The researchers tested different versions of the AI ​​models to determine their ability to detect people at elevated risk of developing disease at different time scales, 6 months, one year, two years, and three years. Overall, each version of the AI ​​algorithm was substantially more accurate in predicting who would develop pancreatic cancer than current estimates of the incidence of the disease in the entire population, defined as the frequency with which a condition develops in a population over a period of time. a specific period of time. The researchers said they believe the model is at least as accurate in predicting disease onset as current genetic sequencing tests, which are typically available for only a small subset of patients in data sets.

The “angry organ”

Screening for certain common cancers, such as breast, cervical, and prostate cancers, relies on relatively simple and highly effective techniques, a mammogram, Pap smear, and blood test, respectively. These detection methods have transformed the outcomes of these diseases by ensuring early detection and intervention during the most treatable stages.

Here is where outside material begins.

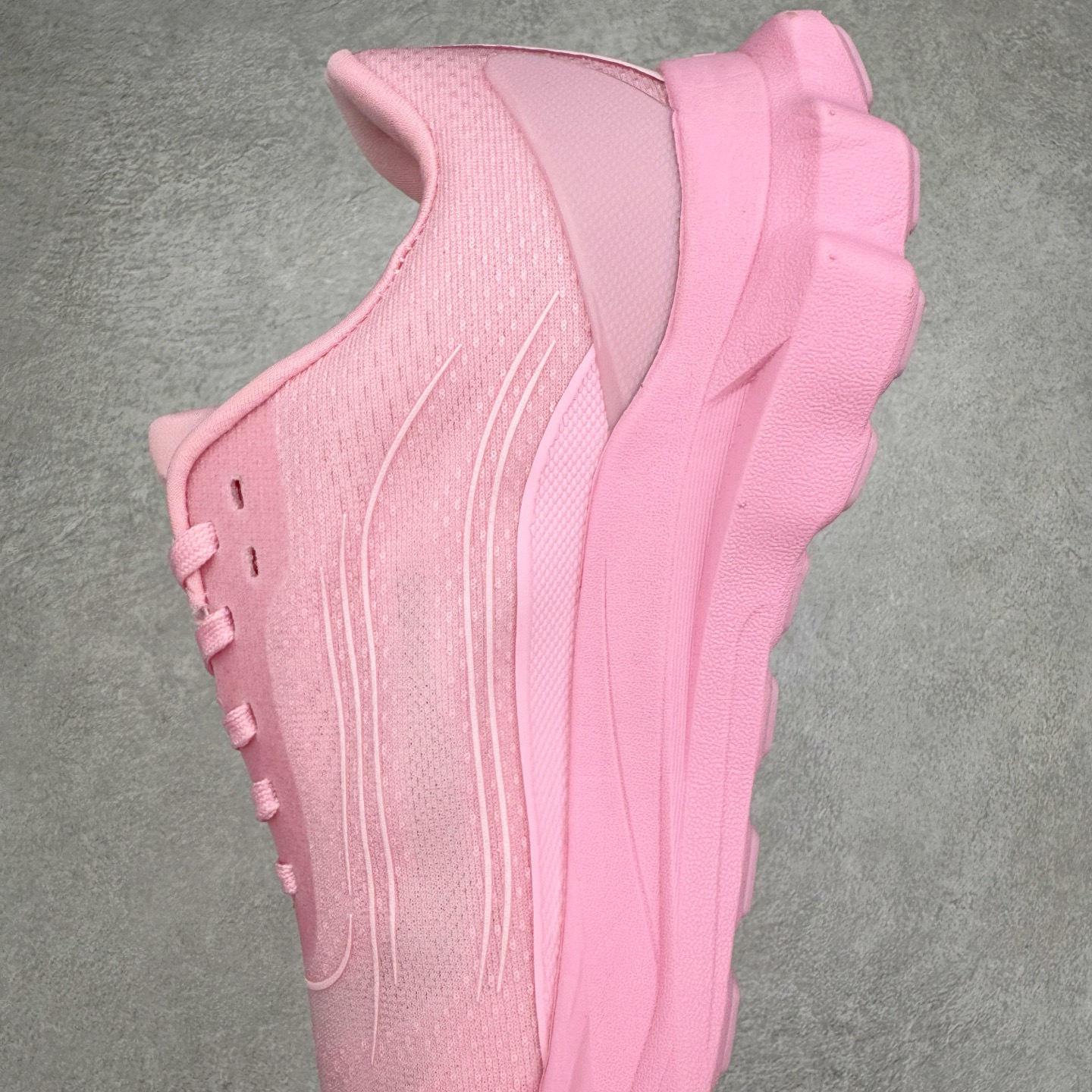 图片[7]-Alo yoga Alo Runner 舒适百搭防滑耐磨低帮跑步鞋 Alo Yoga于2007年创立于洛杉矶，意在传播有意识的运动，同时激发人们的健康意识与创造力。品牌的核心理念在于制作能够带来完美体验的瑜伽服饰与功能性单品，让有意识的运动触入并改变生活。Alo Yoga将其设计延伸到日常服饰概念，坚持不懈地捕捉当代时尚潮流，将品牌的运动美学理念、精致前卫的设计与舒适功能面料完美结合。与此同时，Alo Yoga的设计受到了时尚界人士与名人们的追捧，Talor Swift、Kendall Jenner等街拍照片中都曾出现品牌不同单品的身影。尺码：36 36.5 37.5 38 38.5 39 40 40.5 41 42 42.5 43 44 44.5 45-选品中心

By comparison, pancreatic cancer is more difficult and expensive to detect and evaluate. Doctors primarily look at family history and the presence of genetic mutations which, while important indicators of future risk, are often missed by many patients. One particular advantage of the AI ​​tool is that it could be used on any and all patients for whom health records and medical history are available, not just those with a known family history or genetic predisposition to the disease. This is especially important, the researchers add, because many high-risk patients may not even be aware of their genetic predisposition or family history.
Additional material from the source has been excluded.